- Exercise brief:
Output all the data exactly. Pictures do not belong in the copy.

[[ Supplied information, beginning ]]

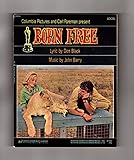 Born Free, Vintage 1966 Sheet Music (Charles Hansen Music, publisher variant cover), with Laid-in Secondary Arrangement for Easy Piano-Easy Organ. 6 pages. Music Ephemera. Don Black, John Barry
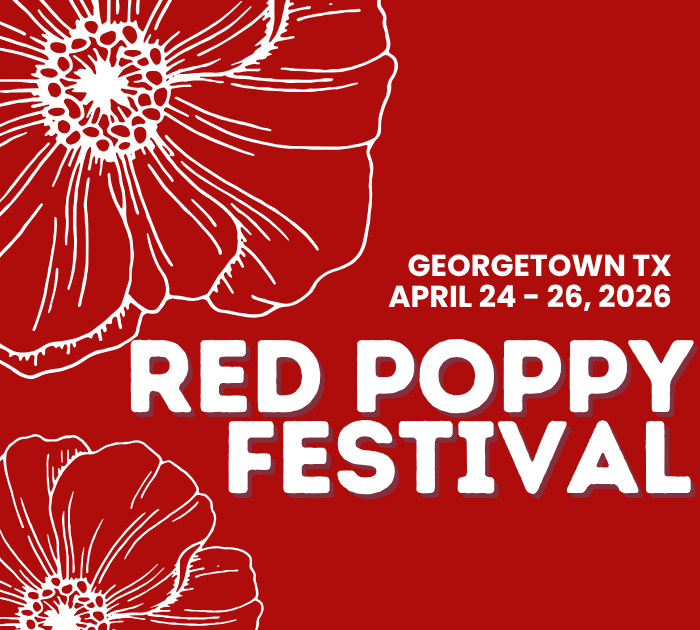 Red Poppy Festival 2026: Georgetown’s Most Iconic Spring Celebration header image.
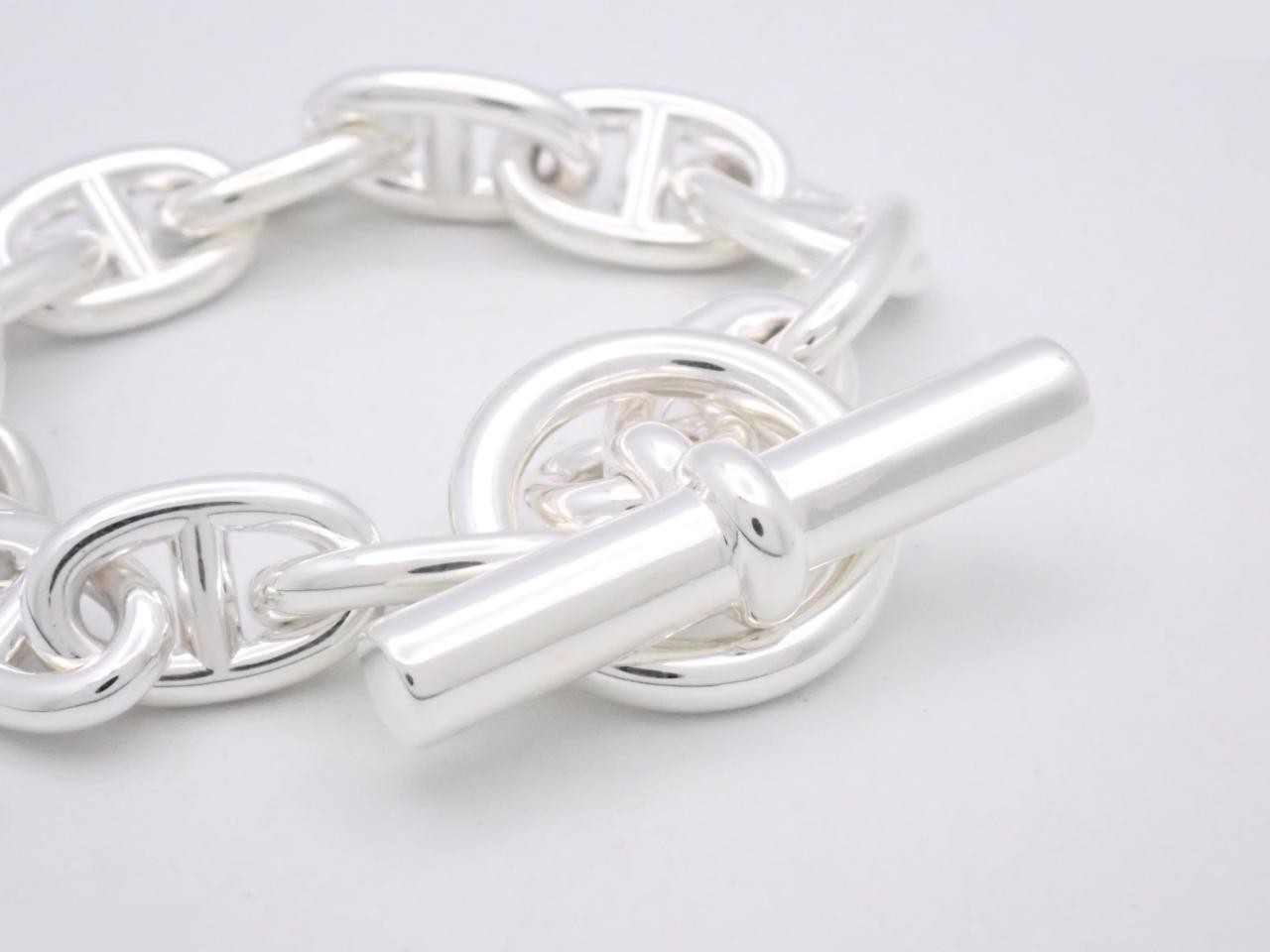 Chaine d'Ancre Bracelet, MM size, 13 links, Ag925, 50.4g — view 3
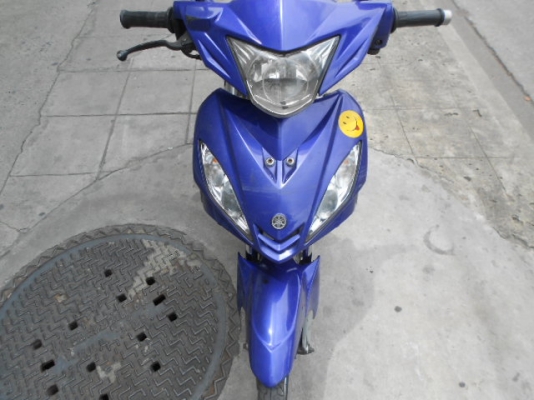 Yamaha-Spark 135 สตาร์ทมือครับ สถาพเสวย เครื่องนิ่มๆเลยครับ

[[ Supplied information, end ]]

- Final answer:
 Born Free, Vintage 1966 Sheet Music (Charles Hansen Music, publisher variant cover), with Laid-in Secondary Arrangement for Easy Piano-Easy Organ. 6 pages. Music Ephemera. Don Black, John Barry
 Red Poppy Festival 2026: Georgetown’s Most Iconic Spring Celebration header image.
 Chaine d'Ancre Bracelet, MM size, 13 links, Ag925, 50.4g — view 3
 Yamaha-Spark 135 สตาร์ทมือครับ สถาพเสวย เครื่องนิ่มๆเลยครับ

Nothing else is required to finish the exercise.